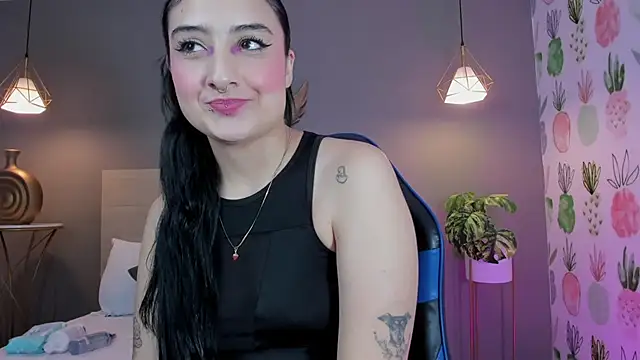 emma hiltonn  online show from 27, 5, 2026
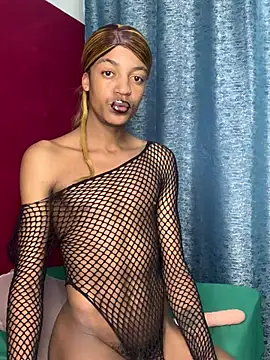 Snapshot of Kinky-Nicky04 chatting on 07.26.26 Kinky-Nicky04 online show from 07.26.26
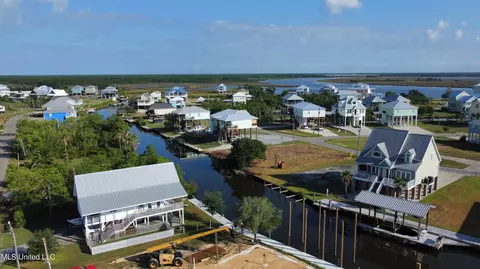 4003 Kyushu St, Bay Saint Louis, MS 39520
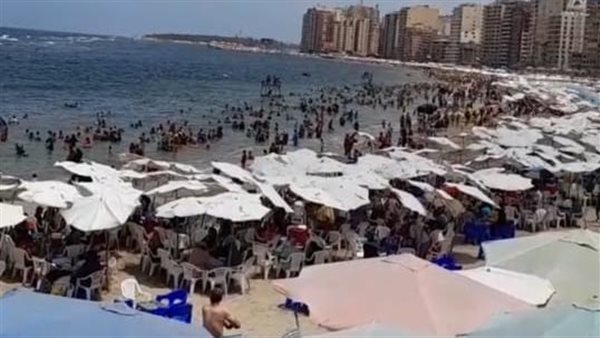 تغير لون مياه البحر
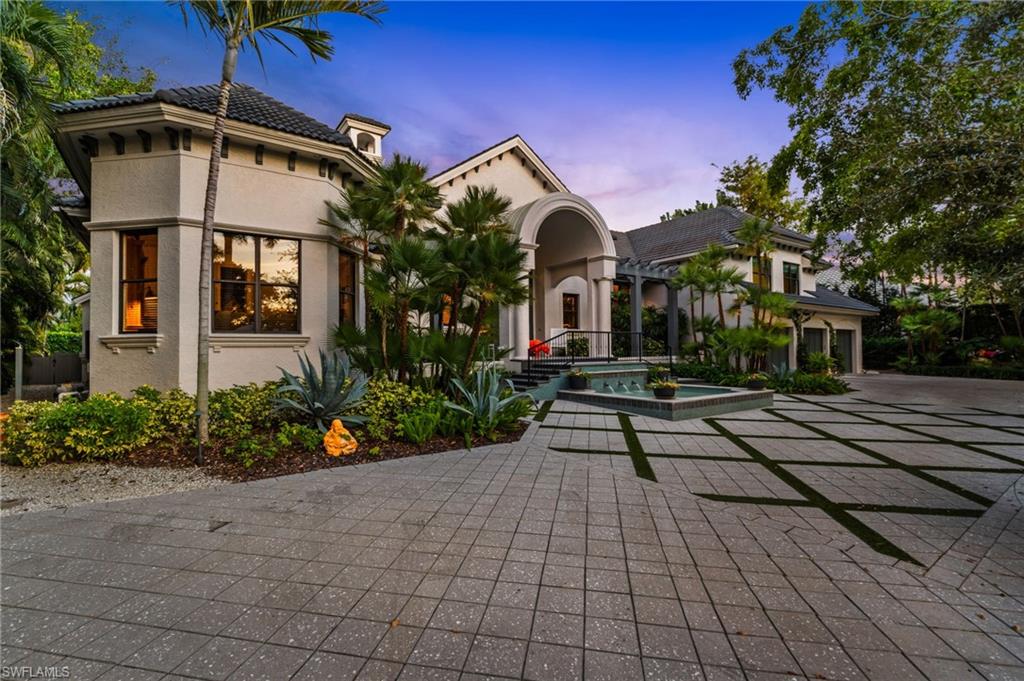 2755 Lantern LN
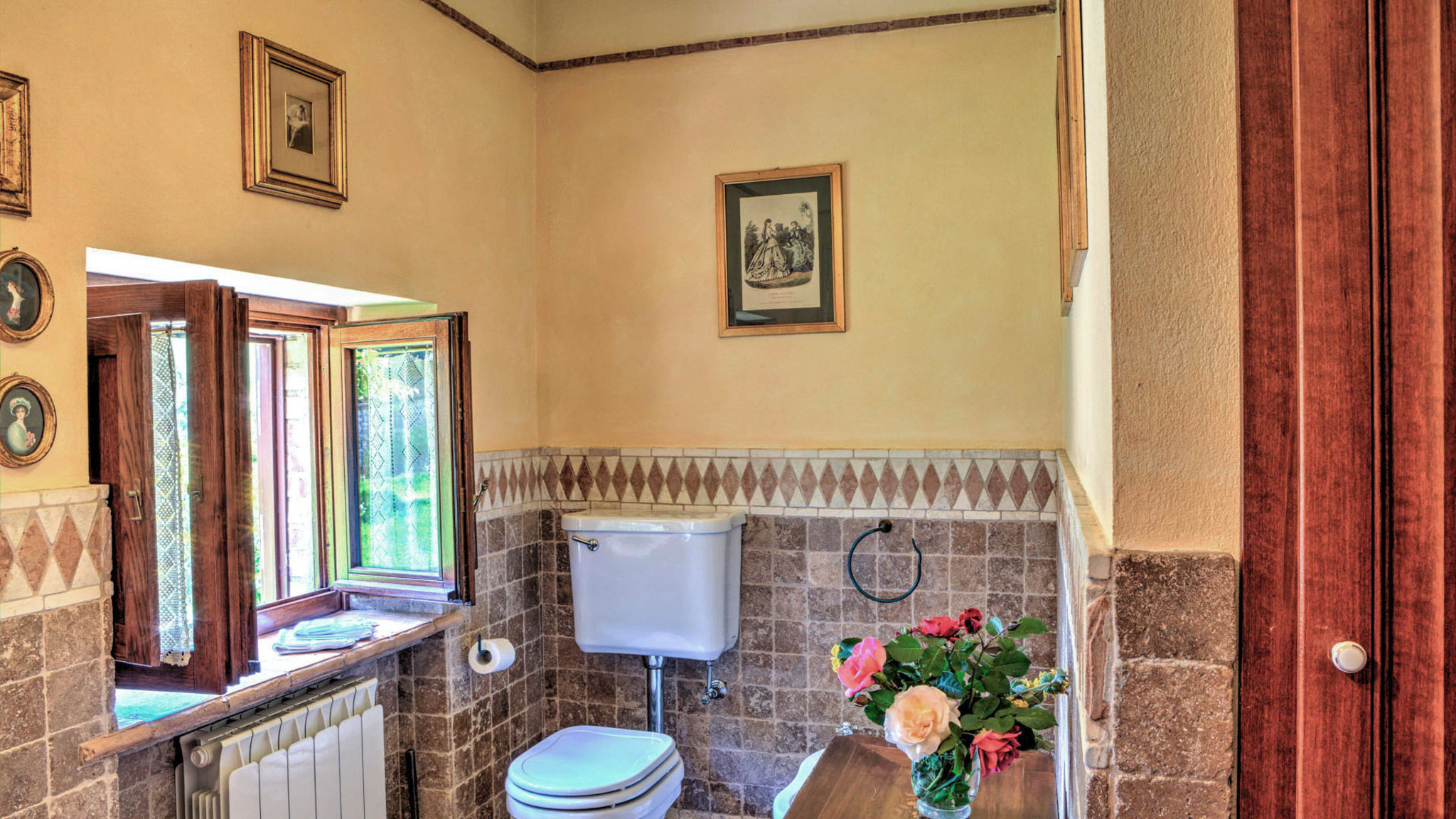 Amorosa House 9+1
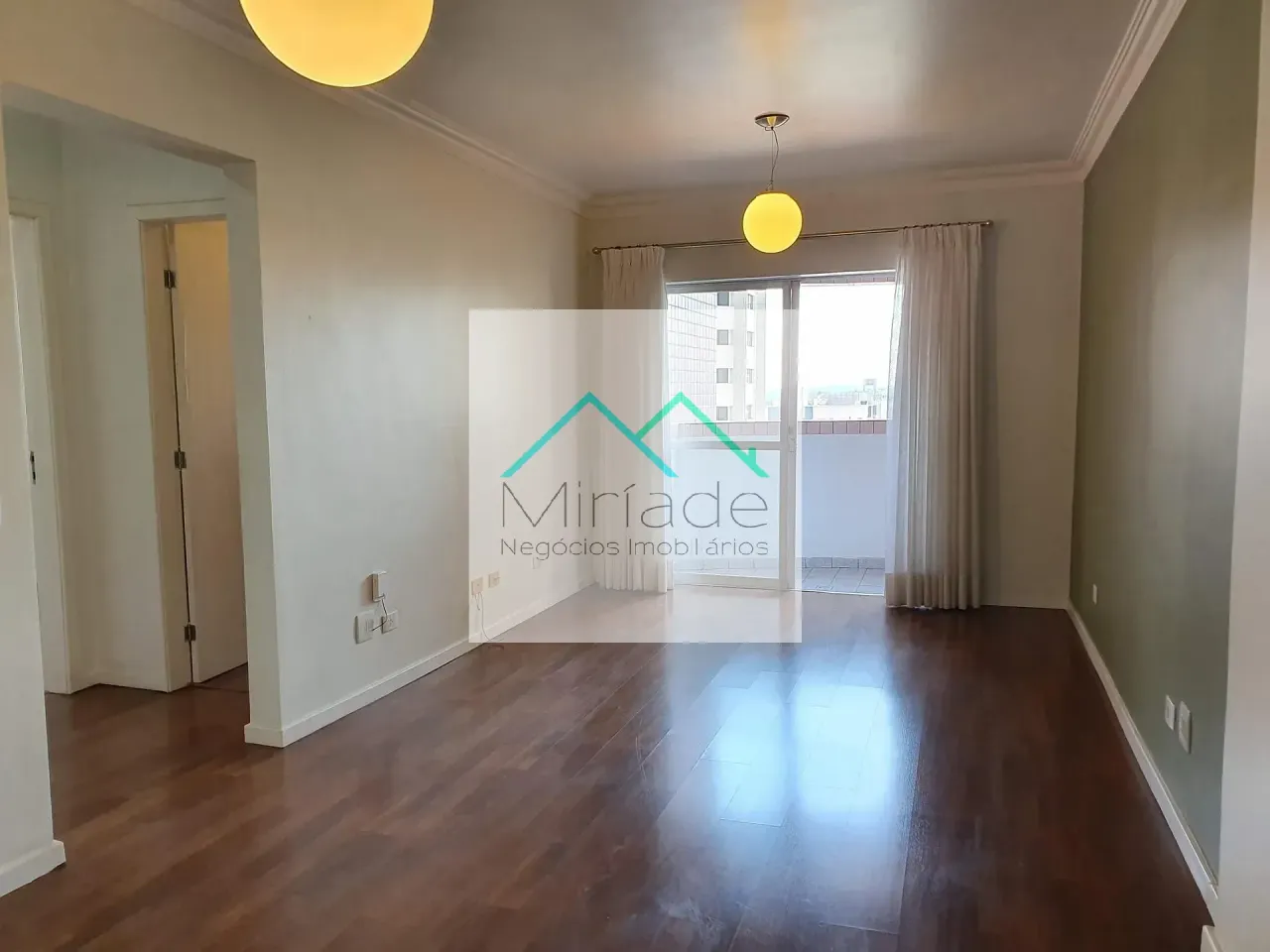 3-bedroom apartment with a home office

----

- [What is needed]:
Output a faithful copy of the data, with each picture left out.

- [Answer to this task]:
 emma hiltonn  online show from 27, 5, 2026
 Snapshot of Kinky-Nicky04 chatting on 07.26.26 Kinky-Nicky04 online show from 07.26.26
 4003 Kyushu St, Bay Saint Louis, MS 39520
 تغير لون مياه البحر
 2755 Lantern LN
 Amorosa House 9+1
 3-bedroom apartment with a home office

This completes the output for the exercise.